Fulacht fia, Gortnahown, Co. Cork
Co. Cork |
Settlement Sites
In the pasture at Gortnahown in north County Cork, beside a stream, there is a Bronze Age cooking site that has entirely disappeared from view.
It leaves no mark on the ground, no hump in the field, no sign that anything ever happened there. This is the nature of many fulachtaí fia, a class of prehistoric monument so common across Ireland that archaeologists sometimes joke the country is paved with them beneath its topsoil, yet individually they are easy to miss, easy to plough away, and surprisingly easy to forget.

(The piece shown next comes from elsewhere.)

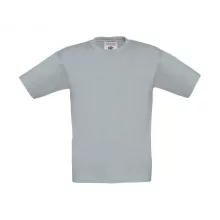 Gyerek rövid ujjú póló B and C Exact 190/kids T-Shirt 7/8 (122/128), Pacific szürke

A fulacht fia, for those unfamiliar with the term, is essentially an outdoor cooking place used during the Bronze Age, typically consisting of a horseshoe-shaped mound of burnt and shattered stone accumulated beside a trough and a water source. The standard interpretation is that stones were heated in a fire and then dropped into a water-filled pit to bring it to the boil, cooking meat or perhaps serving other purposes that archaeologists still debate. The proximity to a stream at Gortnahown fits this pattern precisely. What makes this particular site slightly melancholy rather than merely unremarkable is that it was still visible as a mound on an Ordnance Survey map surveyed in 1935, which means it existed as a recognisable feature of the landscape within living memory of people alive today, and has since vanished. Whether it was levelled by agricultural work or simply subsumed by the gradual smoothing of the land, the record does not say. What remains is a map reference, a grid coordinate, and the knowledge that something was once there.